Northern Ireland Basic Information

If you want to relive the Titanic experience, you can come pretty close at the Titanic Belfast. Here, you can tour 9 galleys and learn the history of the boat that ‘was fine when she left here’. Want to know more about this fascinating little country? Read on.

Visa Requirements

Northern Ireland is part of Great Britain, so the same visa rules apply. If you’re an Aussie, you can holiday in the country for up to 6 months without a visa. Unless you want to work, of course, then you’ll need to apply for a work visa before you travel. You can apply for these visas online and if you’re approved, you can work anywhere in Britain for up to 2 years. Be aware that this information is only a guideline. For up-to-the-minute visa details, get in touch with the UK High Commission in Canberra.


In Northern Ireland you’ll use the British Pound. You might notice a variety of notes issued by different banks, but most can be used in the rest of the UK too. The exchange rate between the Australian Dollar and the British Pound fluctuates constantly, so it’s a good idea to monitor the rate and swap your cash when the rate is at its best. For safe spending while overseas, consider taking a credit card or travel money card with you. A Cash Passport card allows you to transfer your money onto the card in the form of British Pounds and other popular currencies like Euros, so it’s a good option if you plan to travel between Ireland and Northern Ireland.

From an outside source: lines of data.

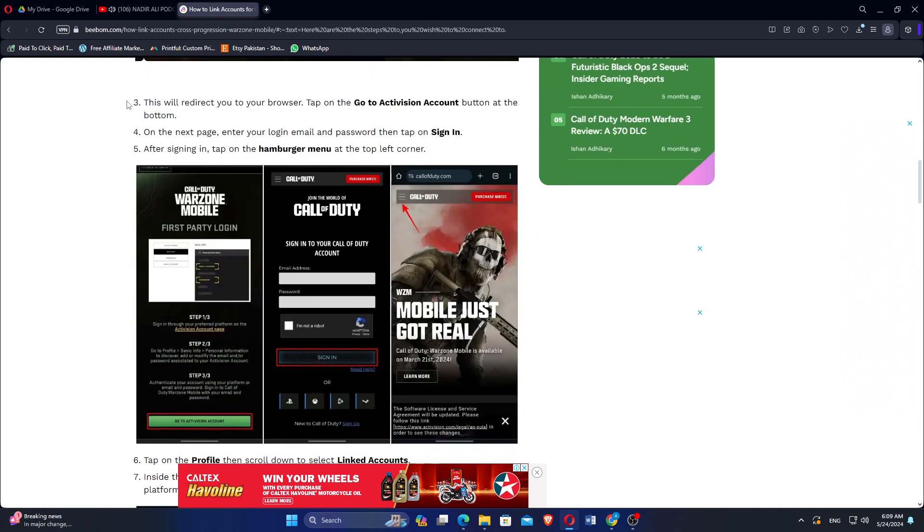Tap on the Go to Activision account button at the bottom. On the next page, enter your login email and password, then tap on Sign In.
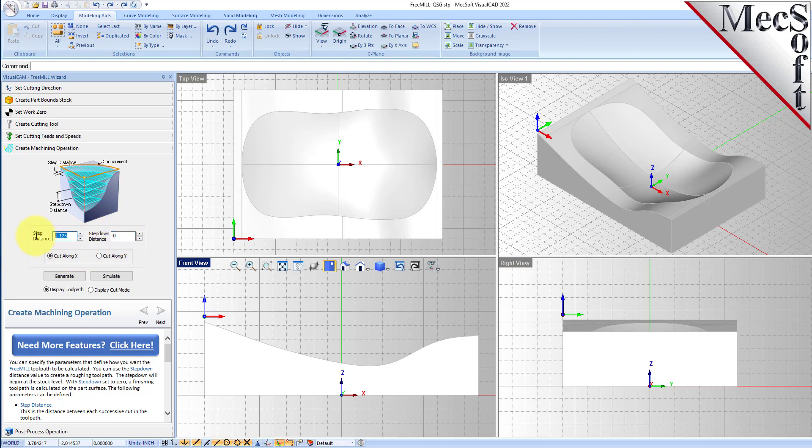And then we're going to do a step down of 0.5. And then we're going to cut along the X axis, which will go this way. And let's go ahead and generate that.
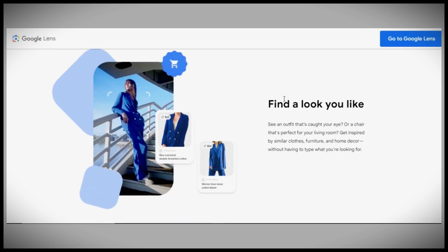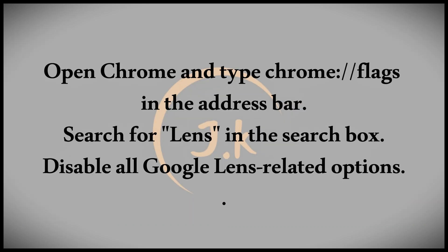In today's video, I'll show you how to stop Google Lens from recognizing images in your browser. If you want to disable Google Lens while browsing, follow along with me and we'll get this done.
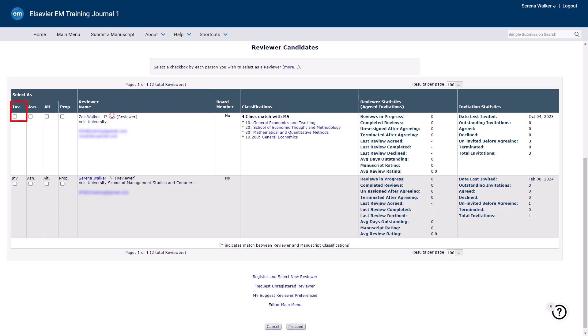The Invite option allows an editor to invite a reviewer to review the submission. The reviewer then has the option to accept or decline the invitation.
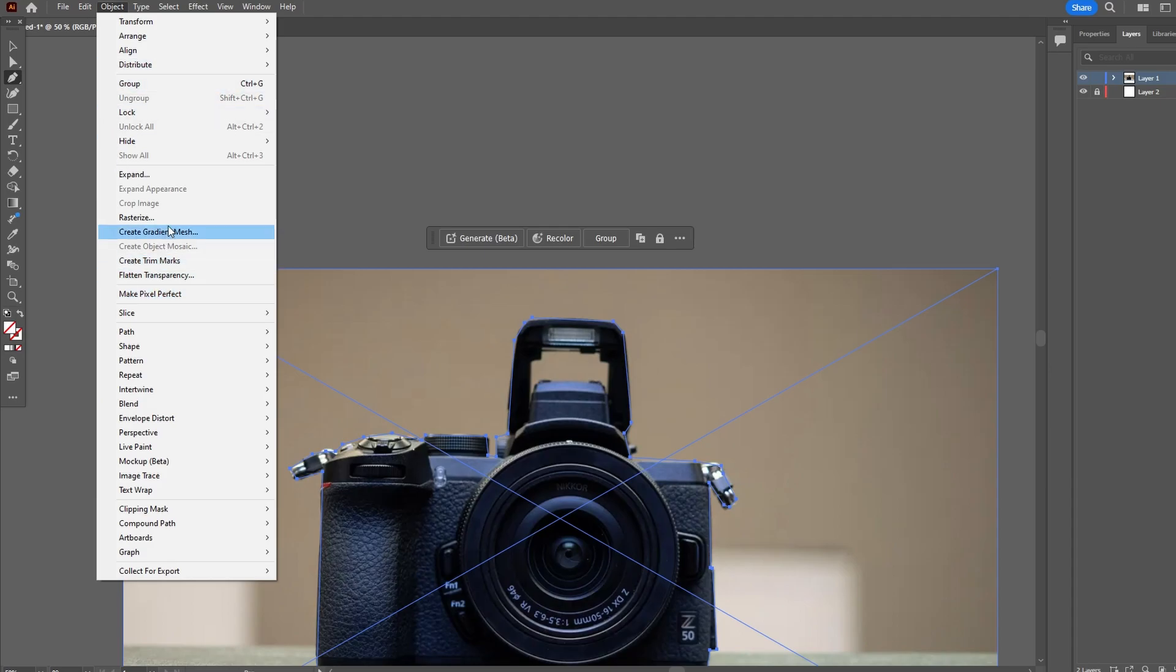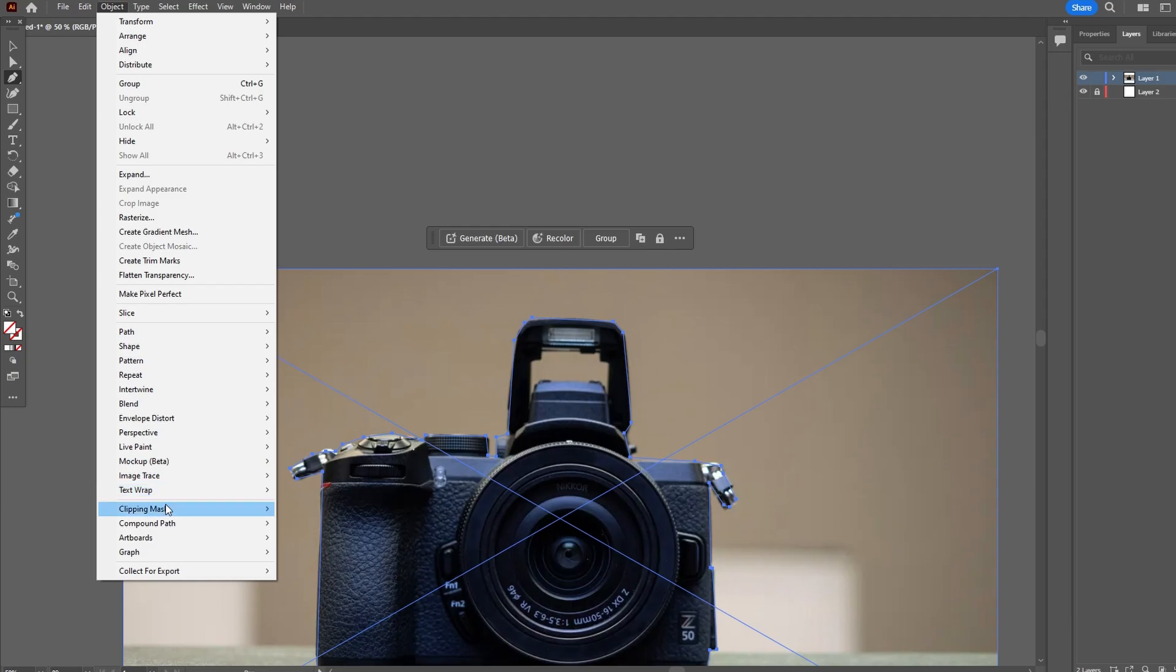Next, go to object, clipping mask, and make.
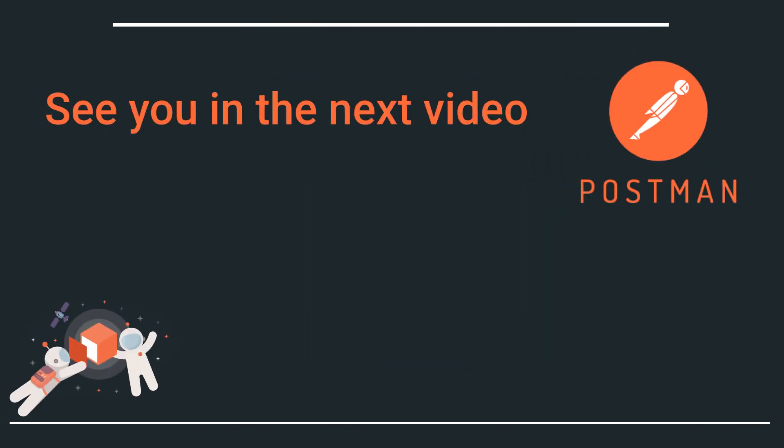I hope you have managed to follow along. And if you have any issues, take a quick look at the video description for some troubleshooting ideas, or feel free to post a comment in the section below. See you in the next video.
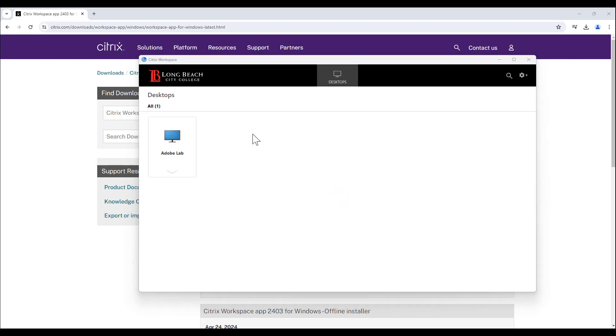Once you have signed in, open any available lab by clicking directly on the icon.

Northern Irish cuisine is influenced by both the UK and Ireland. Probably the best known traditional dish is the Ulster Fry – a full-on breakfast that’ll keep you going for most of the day. Your plate will be overflowing with bacon, eggs, sausages, tomatoes, mushrooms and potato faris (kind of like a hash brown). It’s served with toasted soda bread and a cuppa. If you’re not into greasy spoon breakfasts though, another local favourite is good ol’ porridge. Northern Ireland's probably the only place in the world where it’s served with a dash of Bushmills whiskey. Other all-day favourites include Ardglass potted herrings, boxty (potato cakes), pasties, vegetable roll (ironically made with peppery beef) and dulse – a salty seaweed snack. If you’ve got a sweet tooth, try yellowman – it’s a crunchy golden confectionary like honeycomb. You can find it at markets mainly. Of course, you’ll find all kinds of international cuisines in Northern Ireland, particularly in the cosmopolitan city of Belfast.


These northern folk love their music, so you’re guaranteed to find some sweet groovin’ tunes no matter where you head. There are all genres of music here, so whether you’re into rock, dance, alternative, bluegrass or maybe even traditional Irish music, you’re guaranteed good craic, particularly in Belfast. Catch killer bands at pubs or at live music venues, classical music at Ulster Hall or kickin’ DJs at Shine. Lush in Portrush plays wicked DJ sets too. If you just fancy a cocktail or two, you can find a heap of trendy bars in Belfast such as Irene’s, Nan’s, The Apartment, the Pothouse, the Cloth Ear and many more. Of course, it’s mandatory to down at least one Guinness at traditional pub too, so head to the John Hewitt or a pub in a picturesque part of the countryside for ‘diddly diddly’ music and whiskey. Northern Ireland also has a pretty awesome reputation for its theatre, poetry and prose. After all, it has produced some seriously big names – C.S. Lewis, Seamus Heaney, Samuel Beckett and Liam Neeson. So, why not see a show while you’re here too?